To my surprise, though, he peered up at me with a smile, his pale skin making his parents’ ghostlike faces seem tan and warm and his balding head shining in the florescence of the kitchen light, and said, “Good.”
I smiled back at him and quickly finished my job in silence. Mrs. Taylor led me back to the door, expressed her gratitude again, and that was that. Maybe five minutes, probably less.
As I climbed into the van where Rich and the kids were waiting for me, the tears started spilling out. Rich asked how it went. I said with a quivering chin, “It’s just terrible”, and started to cry some more. No sobs or anything. I didn’t want to freak Sam out, so I retained some control. But those tears fell steadily the whole ride as I thought of Mrs. Taylor’s expressionless, exhausted face and somber eyes. Of her son sitting on that floor, smiling up at me with a head full of patchy hair, going through God knows what physically and mentally. Of their daughter, who is too young to know exactly what’s going on with her big brother but who, I’m sure, senses things are majorly out of whack. Of Mr. Taylor struggling to be strong for his family, trying to maintain some semblance of normalcy.
And those tears for the Taylors eventually turned into tears of worried paranoia as I put my family into their position, as stupid to do as it is impossible not to do. I looked at my Sam and my Lena in the back smiling and talking away, and wondered and worried about the futures they will have, what pitfalls and sorrows and pains they will have to endure as they grow up, how they will ever survive an anxiety-ridden mother like me.
I reminded myself that God is with the Taylors and with us all through good times and bad. And that worrying about the what-ifs of life is a waste of time and energy. We just have to trust in God. But that statement always makes me think that, just because we trust in God doesn’t mean bad things won’t happen to us or our families, which takes away some of the comfort that the original reminder is meant to bring.

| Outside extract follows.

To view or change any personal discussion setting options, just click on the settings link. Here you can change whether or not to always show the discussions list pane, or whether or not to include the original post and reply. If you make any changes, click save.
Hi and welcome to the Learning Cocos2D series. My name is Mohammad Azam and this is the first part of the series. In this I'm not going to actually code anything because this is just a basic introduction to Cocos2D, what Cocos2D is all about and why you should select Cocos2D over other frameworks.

Ugh. Telling a mother not to worry about her children is like telling them not to breathe. Both are instinctual reflexes. Both are necessary for survival. Obviously, people who can’t breathe, die. But not so obvious is the realization that mothers who worry, even a little, are better caretakers of their children, because we’re on the lookout. We’ve seen the BOLO (Be On the LookOut) posters for missing kids, flu viruses, wheezes, dangerous toys, bullies, antibiotics in meat, medicines, sex offenders houses, etc., and we protect our kids from those things as well as we can.

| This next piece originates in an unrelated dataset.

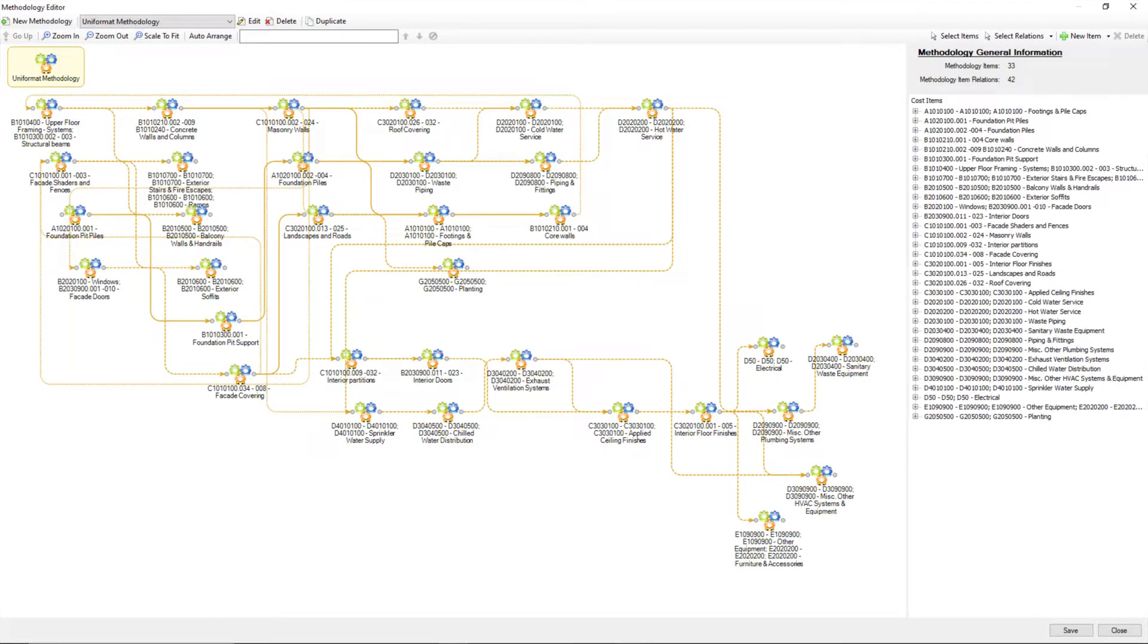Import or create construction methodology, work sequencing, connected to BIM classification, with all defined relations.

So maybe worrying isn’t such a bad thing after all? Granted, worrying about things I can’t control, like cancer, isn’t good or healthy for me or my kids. I get it. It can consume me if I’m not careful, so I don’t allow myself to dig too deeply in that soil. But if one of my useful worries keeps my kids from getting H1N1 or choking on a hot dog or contracting pneumonia, I’m honored to be inducted into the over-protective neurotic mothers club.